Les personnes qui de bonne foi restent sous la séduction qu’exerça l’échelle mobile à l’époque où elle fut inventée perdent de vue le changement considérable qui est survenu dans le commerce général des blés, je veux dire le commerce entre les différentes contrées, les unes qui n’en récoltent pas assez, les autres qui en paraissent surchargées. La réforme commerciale de sir Robert Peel a opéré à cet égard une sorte de métamorphose.

L’Angleterre depuis lors s’est mise à consommer beaucoup de blés étrangers, et elle a absorbé tous les excédans que présentait le marché général, d’Odessa à New-York, de la mer d’Azof aux bouches du Mississipi, de la Baltique à Alexandrie. Les grains étrangers à bas prix dont on effrayait notre agriculture, et dont au surplus la quantité disponible est fort au-dessous de ce qu’on avait supposé, ont acquis des cours différens de ceux qu’on voyait auparavant[1].

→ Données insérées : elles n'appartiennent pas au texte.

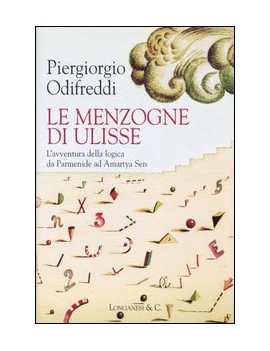 MENZOGNE DI ULISSE. L'AVVENTURA DELLA LO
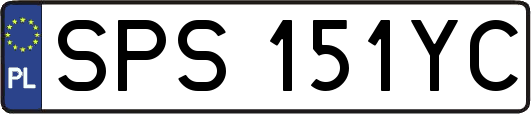 SPS151YC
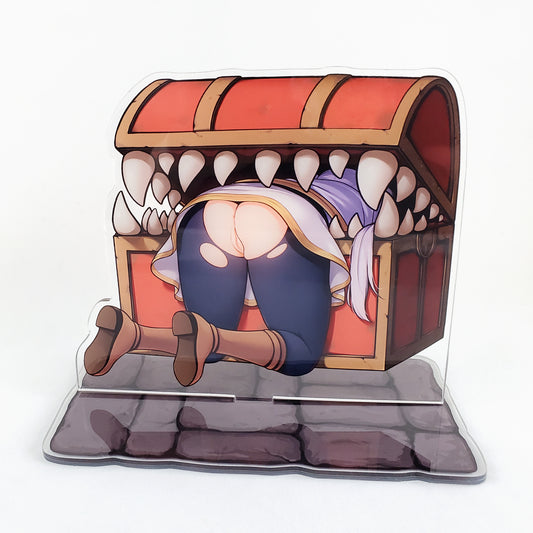 [M] Frieren Mimic - Acrylic Stand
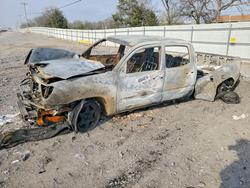 Vehiculos salvage en venta de Copart Lebanon, TN: 2007 Toyota Tacoma V6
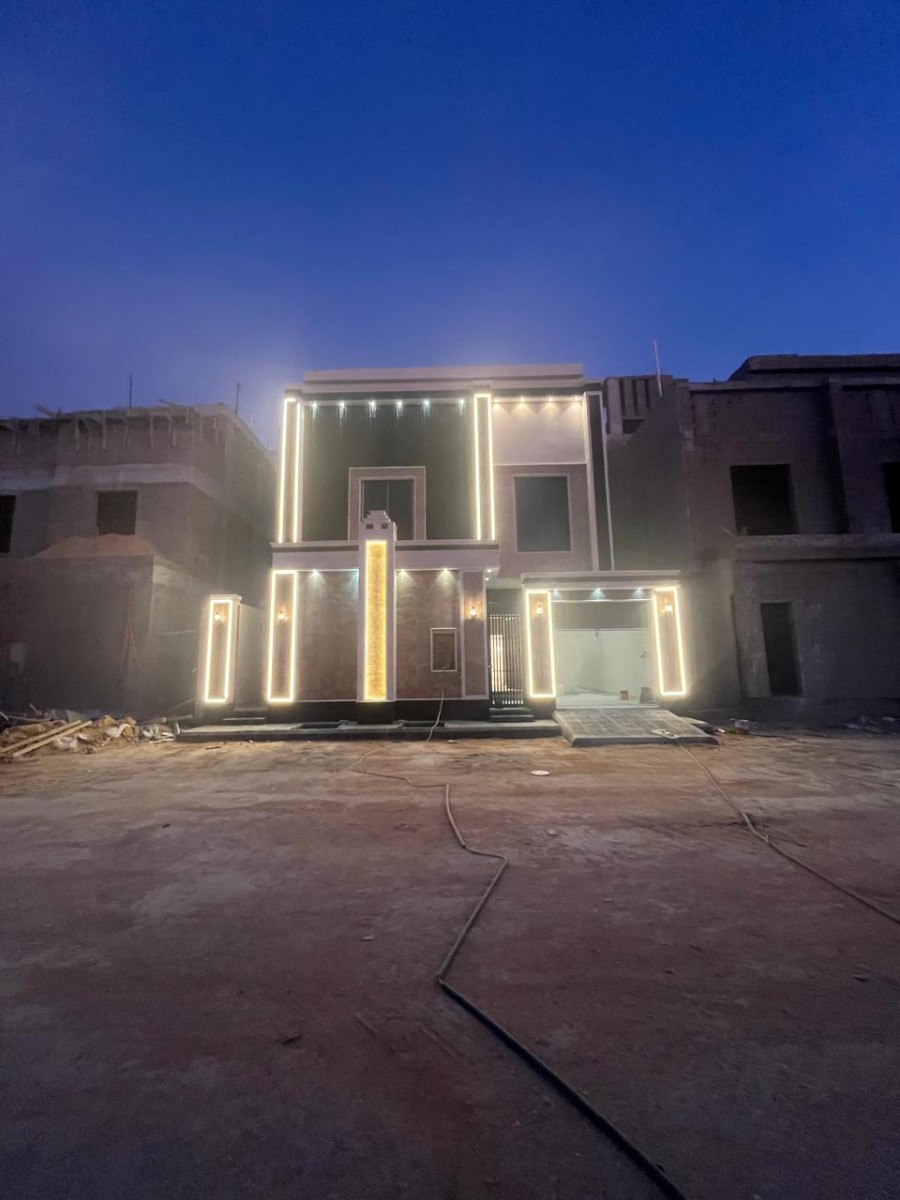 للبيع حى البيان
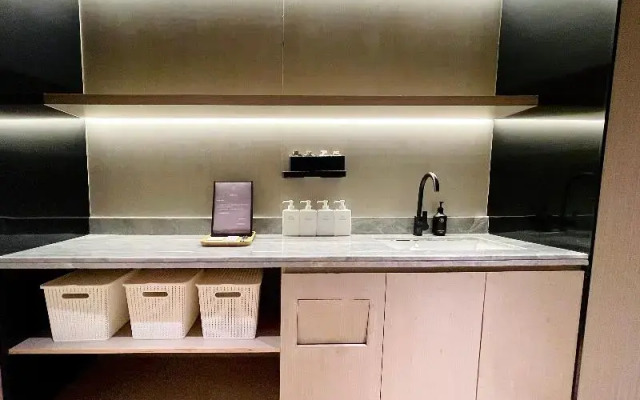 Ji Hotel Chengdu Taikoo Li Binjiang Road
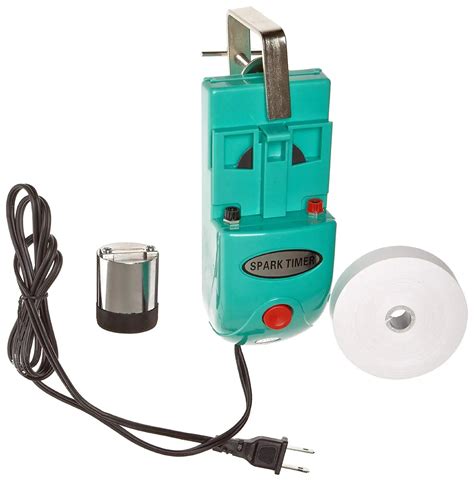 Image result for Spark Timer Machine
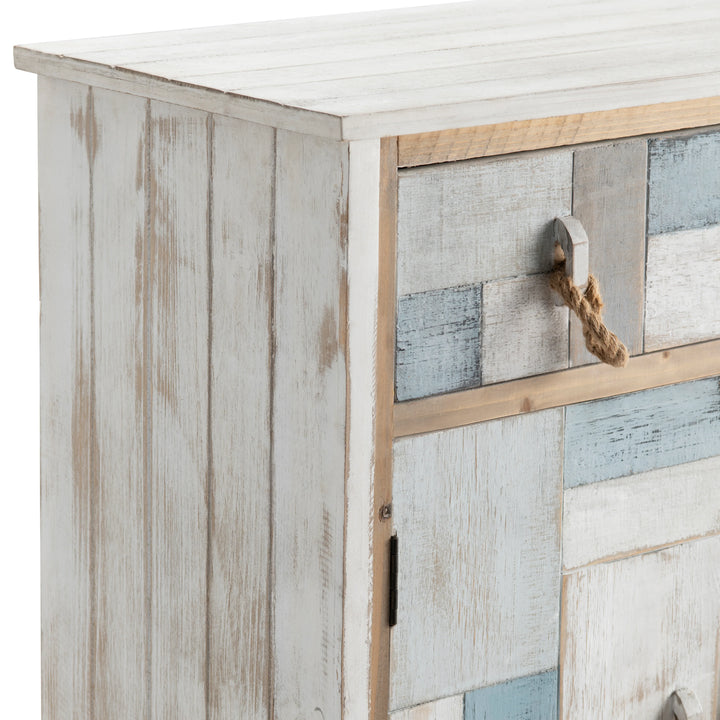 South Shore Cabinet - AmericanHomeFurniture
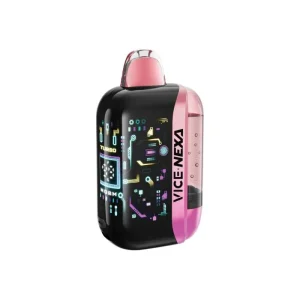 VICE Nexa 80K - Cherry Blast Ice Disposable Vape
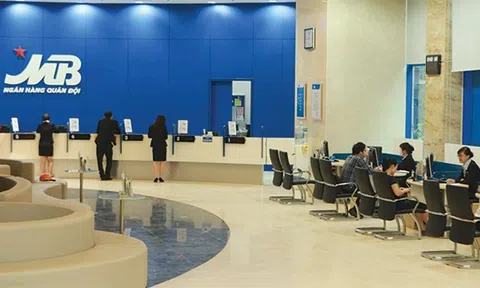 Năm 2022 ngân hàng MB lãi hơn 17.000 tỷ sau thuế, nợ xấu tăng lên 1.09%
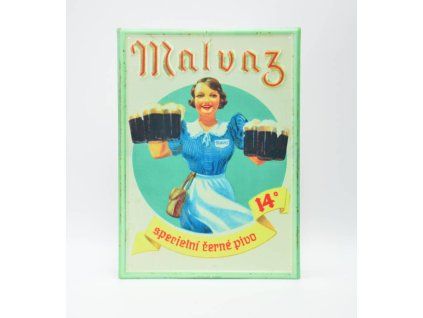 C34 Malvaz malý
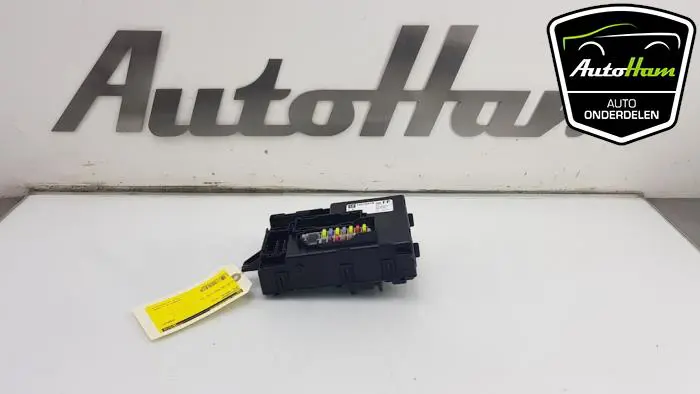Zekeringkast Opel Meriva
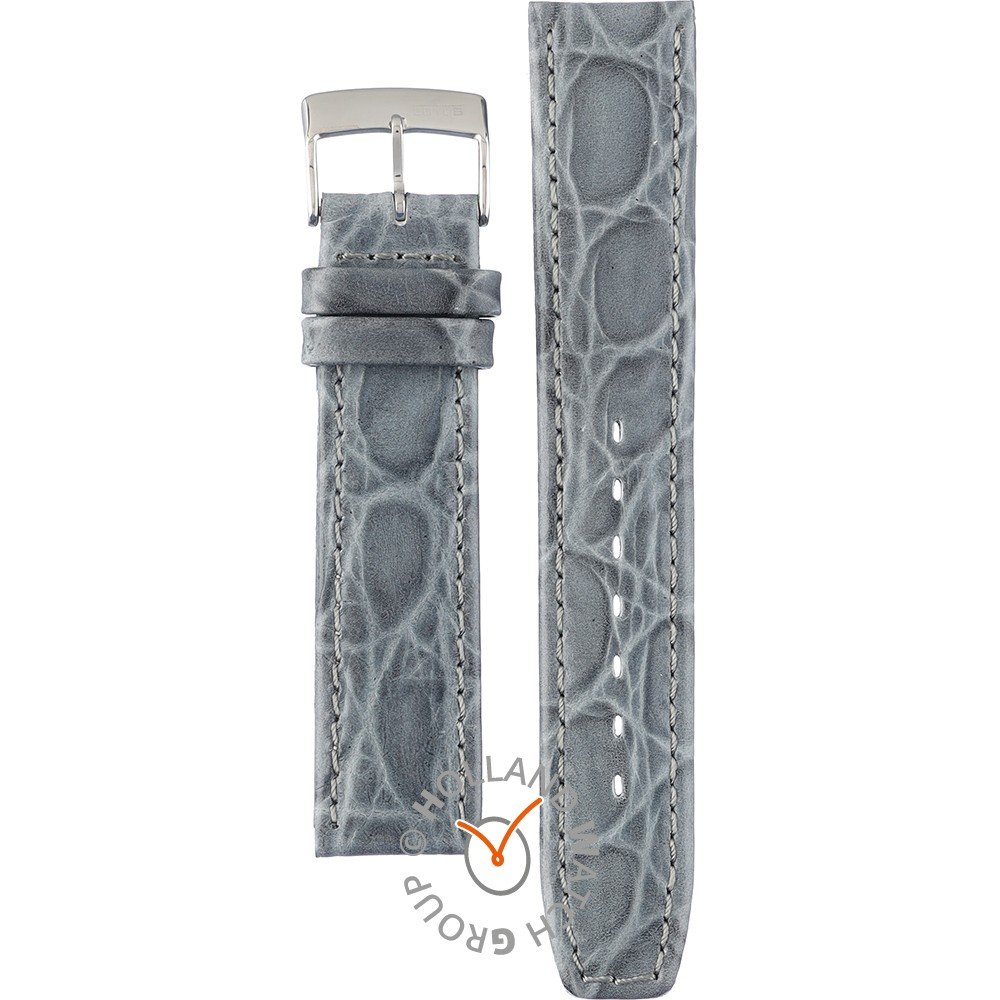 Lotus Straps BC00913 15124 Horlogeband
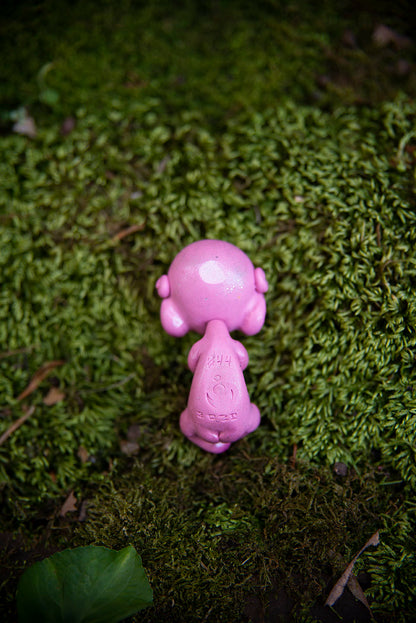 Alien Pinkie Mishling #44
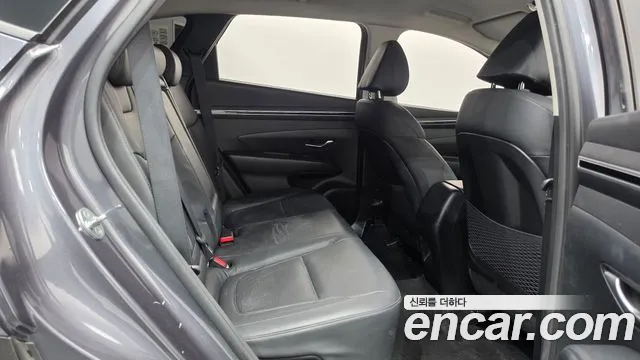 Hyundai Tucson 2022 thumb 11
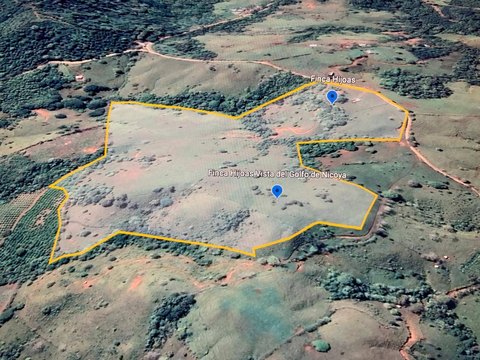 Rolling Mountain Development Land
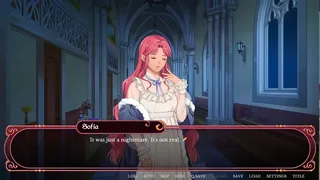 Скриншот 4 к игре My Wife is a Spy?!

Avant 1846, la plupart des nations dont la consommation était importante naviguaient à pleines voiles dans le système restrictif pour tout ce qui touche aux céréales. De même que l’Angleterre, qui s’efforçait alors de subsister sur elle-même, elles avaient l’échelle mobile, ou, à défaut, des restrictions dont l’effet était semblable, en ce sens qu’elles fermaient la frontière plus ou moins hermétiquement aux blés étrangers. Par une conséquence naturelle, les pays qualifiés essentiellement de producteurs, parce que d’ordinaire ils récoltent une certaine quantité de céréales en excédant de leur consommation, étaient sujets à en rester encombrés, et ils offraient dans les ports qui sont leurs foyers d’exportation les cours qui caractérisent l’encombrement. A Odessa, il suffisait de 2 ou 3 millions d’hectolitres de blé et même d’un moindre approvisionnement dans les magasins pour que les prix y fussent fort avilis, alors que les acheteurs ne se montraient pas. C’est la même raison pour laquelle, à l’époque du blocus continental, le café et le sucre, obligés d’attendre indéfi-

  1. Le lecteur pourra consulter par exemple, dans le troisième volume de l’Enquête, le tableau n° 23, qui figure à la page 99. Il y verra que les prix des blés à Odessa, depuis 1846, ont été sensiblement plus élevés qu’auparavant, et si l’année 1851, par exemple, a été marquée par une dépression de la cote, c’est que l’abondance de la récolte en ce moment occasionnait l’abaissement du prix partout, et diminuait singulièrement les besoins que l’Europe éprouve communément des blés de la Russie.